REQUIREMENT -
Would you repeat the data below exactly, taking out the images?

INPUT -
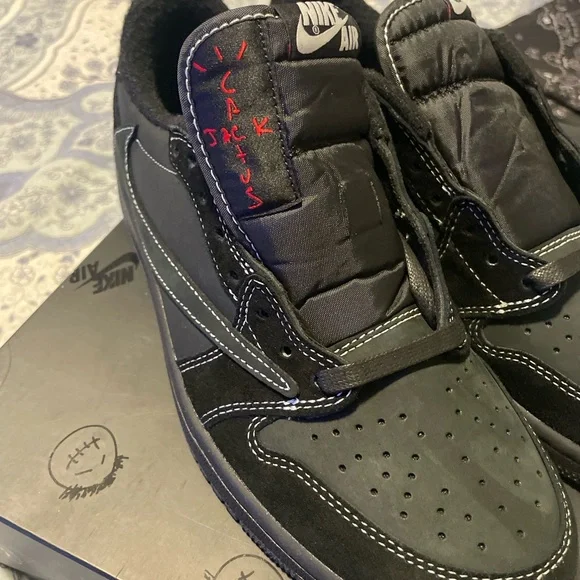 COPY - Jordan 1 Retro Low OG SP Travis Scott Black Phantom - Picture 8 of 10
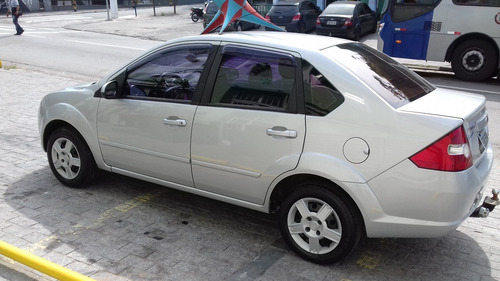Ford Fiesta Sedan 1.6 Completo 2008 $ 17990 Financia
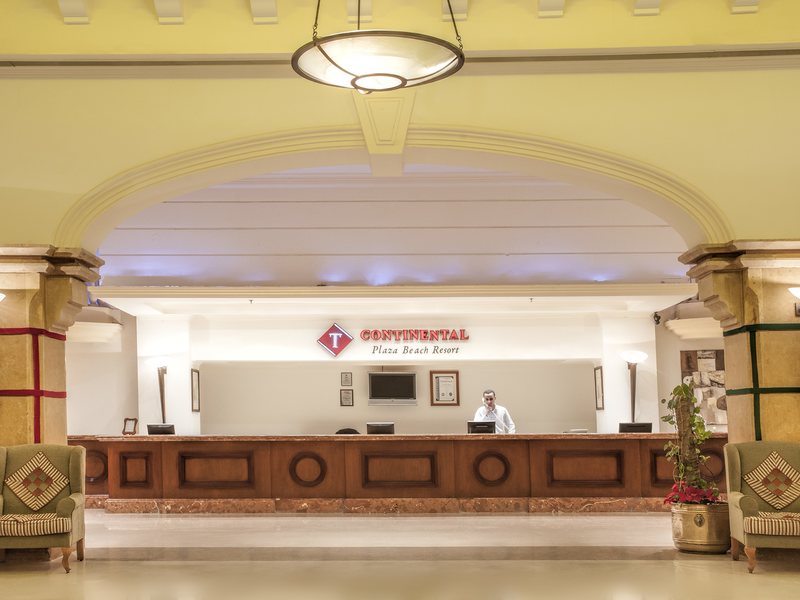 Continental Plaza Beach 122514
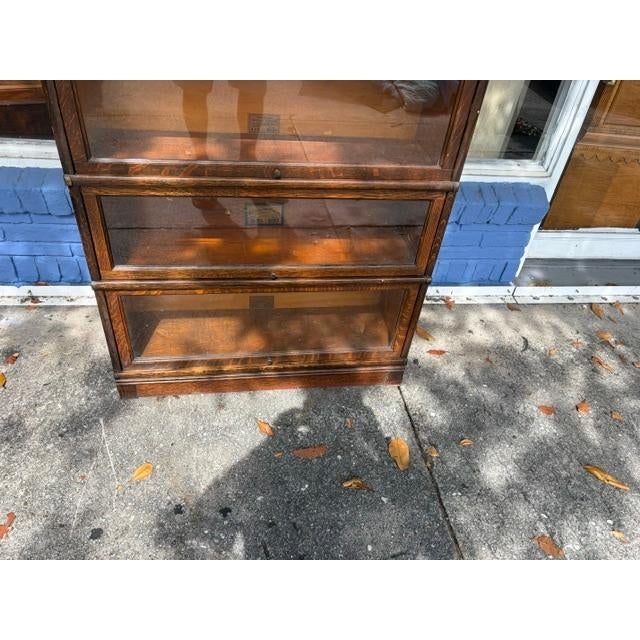 1900 - 1909 The Globe Wernicke Co Cincinnati Bookcase For Sale - Image 4 of 7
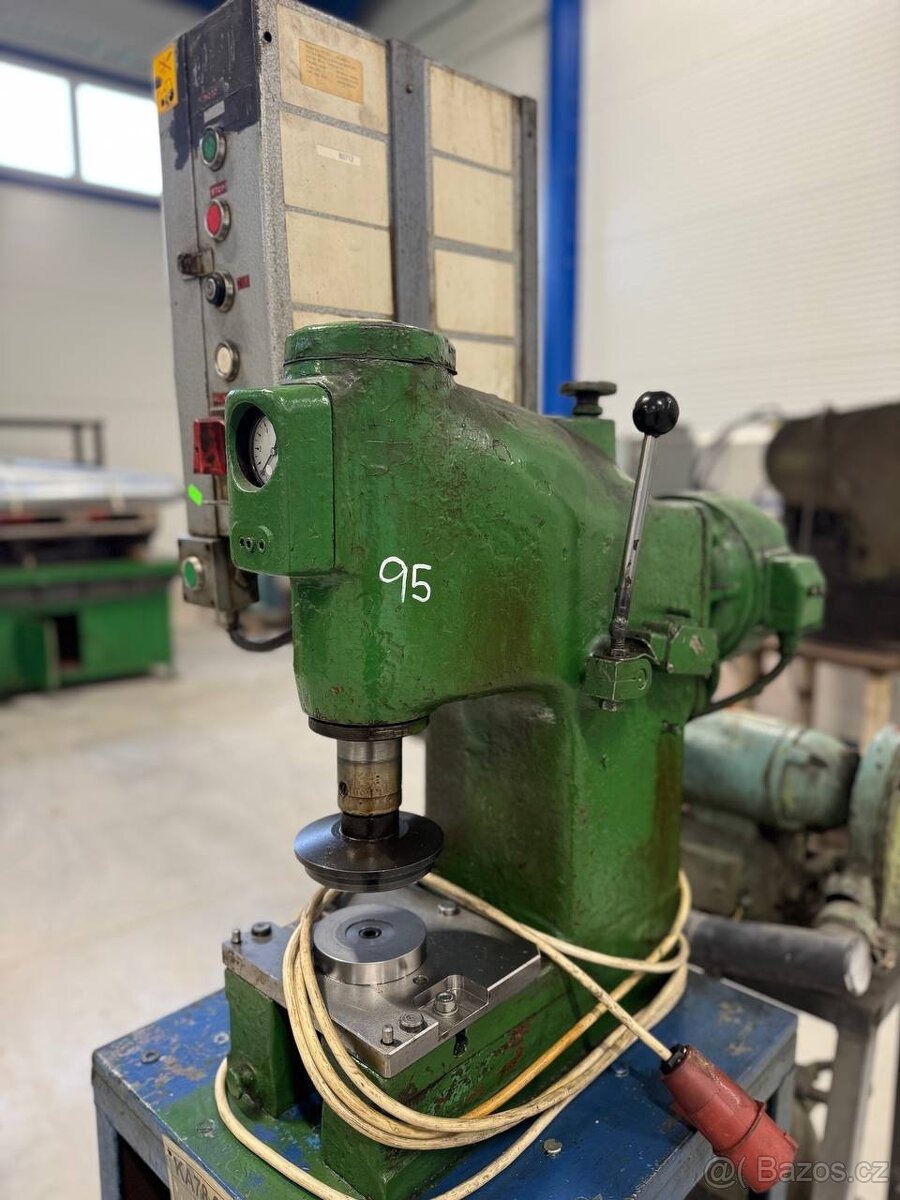 Hydraulický lis CDC 2-7+ dokumentace - více ks - 8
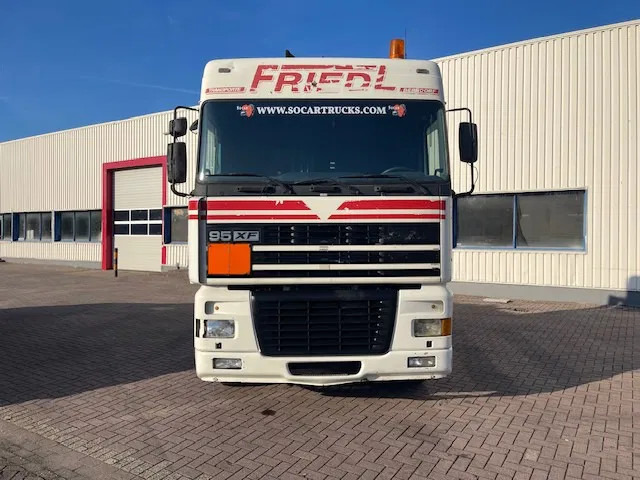 DAF XF 95.430 Manual-Gear Euro 3 - Sadulveok: pilt 2 DAF XF 95.430 Manual-Gear Euro 3 - Sadulveok: pilt 2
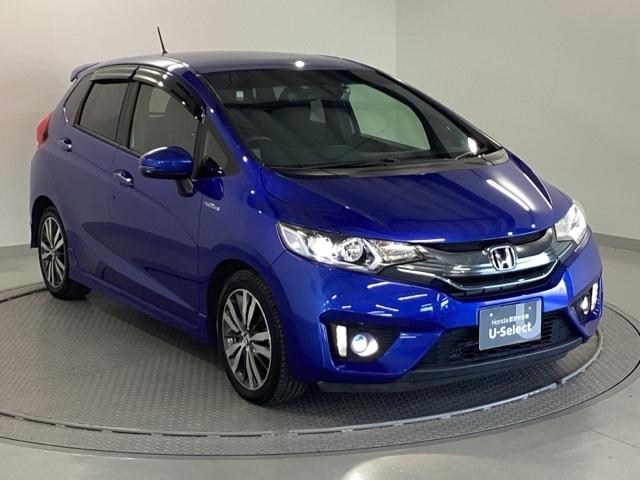 フィットハイブリッド Ｓパッケージ　純正メモリーナビ　衝突低減ブレーキ　点検記録簿　サイドエアバック　リアカメラ　ＵＳＢ　ＶＳＡ　クルコン　地デジＴＶ　イモビライザー　パワーウィンドウ　スマキー　ＤＶＤ再生　ナビＴＶ　ＥＴＣ付　パワステ（7枚目）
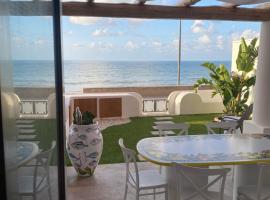 Experience Sea, holiday home in Caronia Marina
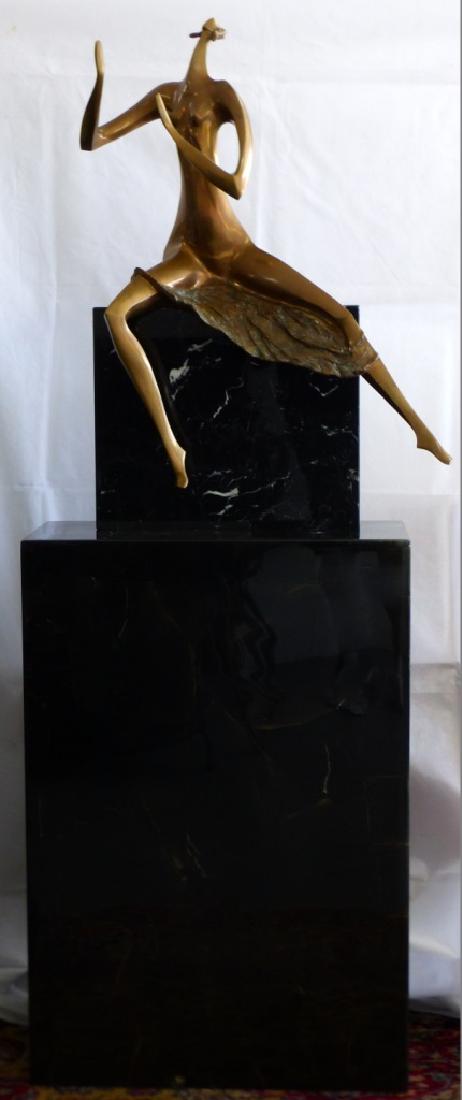 ISAAC KAHN SEATED NUDE BRONZE SCULPTURE 2/4: Isaac Kahn (Lithuanian, b. 1950) bronze sculpture depicting a nude female seated on marble pedestal. Signed to left foot, inscribed A.P. and numbered 2/4. Measures 33" (84cm) height x 22 1/2" (57cm) w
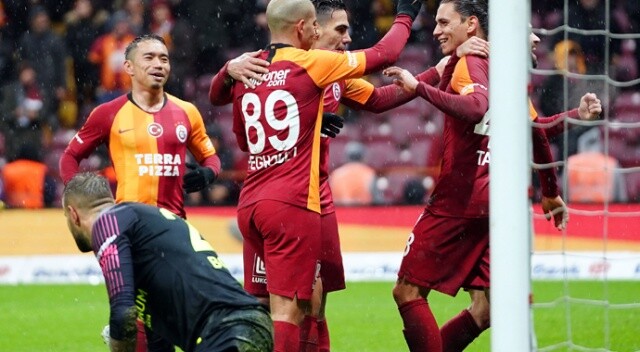 Galatasaray taraftarı Tarık Çamdal&#039;ı protesto etti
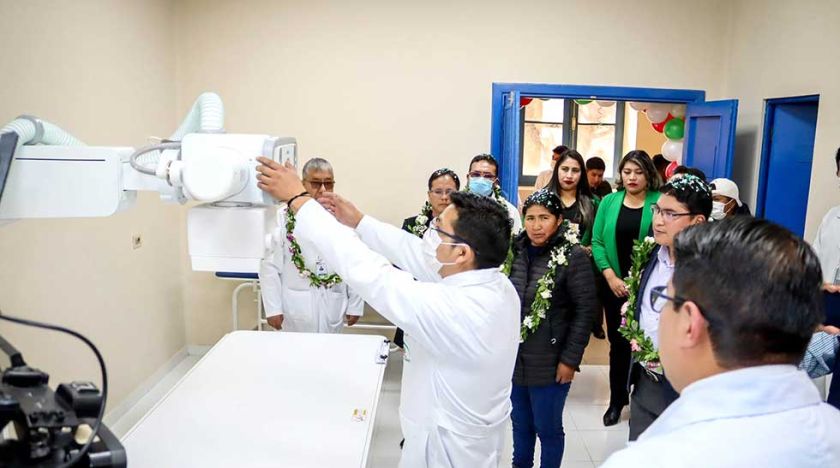 Gobernador Copa entrega equipamiento al Hospital Bracamonte y anuncia proyectos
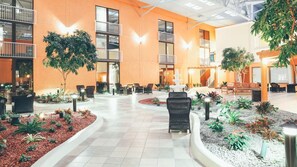 المنطقة المحيطة بالمنشأة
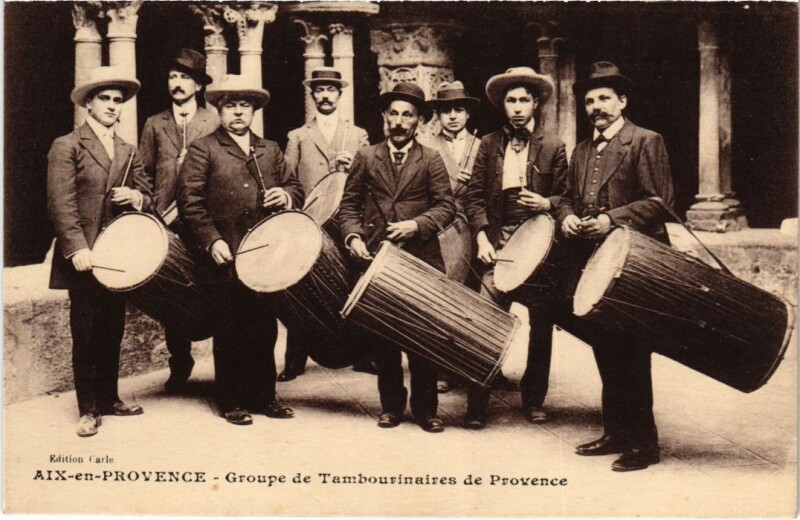 Carte postale ancienne Aix-en-Provence Groupe de Tambourinaires de Provence à Aix-en-Provence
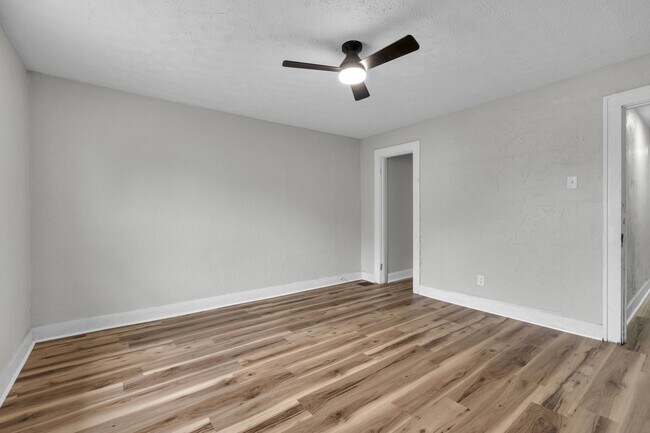 Building Photo - 409 N Oakland Ave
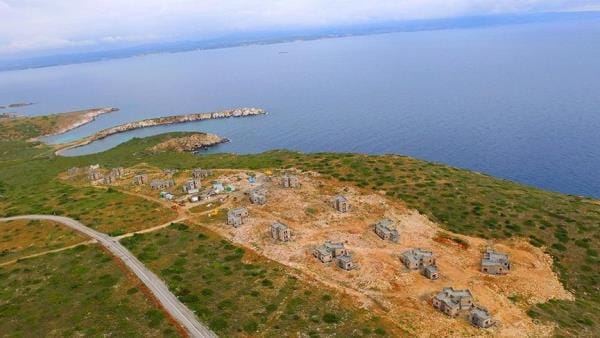 Bozcaada’nın bakir koylarına villa tehdidi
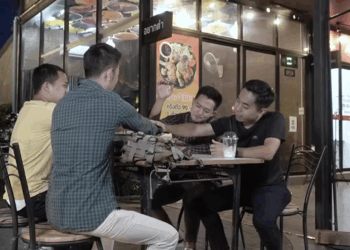 [หนังเต็มเรื่อง] 652H0815 W เปิดร้านวันแรก ชวนเพื่อนมากิน แต่เพื่อนใส่ซองแค่1บาท ละครคุณธรรม หนังสั้น เรื่องนี้ต้องดู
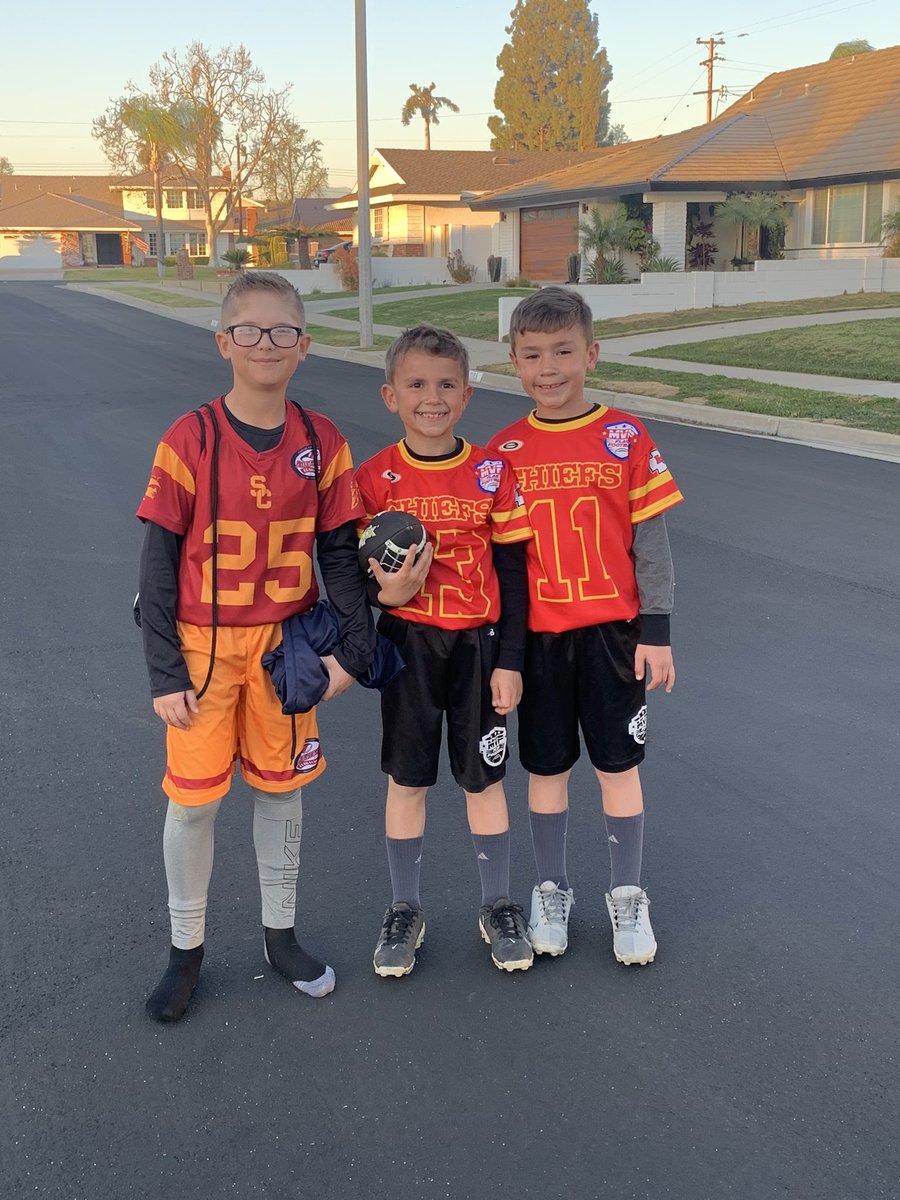PrincipalLucas's tweet photo. Love these babes of mine!! Such great athletes and scholars! And kind to boot. ❤️ @EDHawksBaseball https://t.co/CQdLA5YO27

ANSWER FOR THE TASK -
 COPY - Jordan 1 Retro Low OG SP Travis Scott Black Phantom - Picture 8 of 10
Ford Fiesta Sedan 1.6 Completo 2008 $ 17990 Financia
 Continental Plaza Beach 122514
 1900 - 1909 The Globe Wernicke Co Cincinnati Bookcase For Sale - Image 4 of 7
 Hydraulický lis CDC 2-7+ dokumentace - více ks - 8
 DAF XF 95.430 Manual-Gear Euro 3 - Sadulveok: pilt 2 DAF XF 95.430 Manual-Gear Euro 3 - Sadulveok: pilt 2
 フィットハイブリッド Ｓパッケージ　純正メモリーナビ　衝突低減ブレーキ　点検記録簿　サイドエアバック　リアカメラ　ＵＳＢ　ＶＳＡ　クルコン　地デジＴＶ　イモビライザー　パワーウィンドウ　スマキー　ＤＶＤ再生　ナビＴＶ　ＥＴＣ付　パワステ（7枚目）
 Experience Sea, holiday home in Caronia Marina
 ISAAC KAHN SEATED NUDE BRONZE SCULPTURE 2/4: Isaac Kahn (Lithuanian, b. 1950) bronze sculpture depicting a nude female seated on marble pedestal. Signed to left foot, inscribed A.P. and numbered 2/4. Measures 33" (84cm) height x 22 1/2" (57cm) w
 Galatasaray taraftarı Tarık Çamdal&#039;ı protesto etti
 Gobernador Copa entrega equipamiento al Hospital Bracamonte y anuncia proyectos
 المنطقة المحيطة بالمنشأة
 Carte postale ancienne Aix-en-Provence Groupe de Tambourinaires de Provence à Aix-en-Provence
 Building Photo - 409 N Oakland Ave
 Bozcaada’nın bakir koylarına villa tehdidi
 [หนังเต็มเรื่อง] 652H0815 W เปิดร้านวันแรก ชวนเพื่อนมากิน แต่เพื่อนใส่ซองแค่1บาท ละครคุณธรรม หนังสั้น เรื่องนี้ต้องดู
PrincipalLucas's tweet photo. Love these babes of mine!! Such great athletes and scholars! And kind to boot. ❤️ @EDHawksBaseball https://t.co/CQdLA5YO27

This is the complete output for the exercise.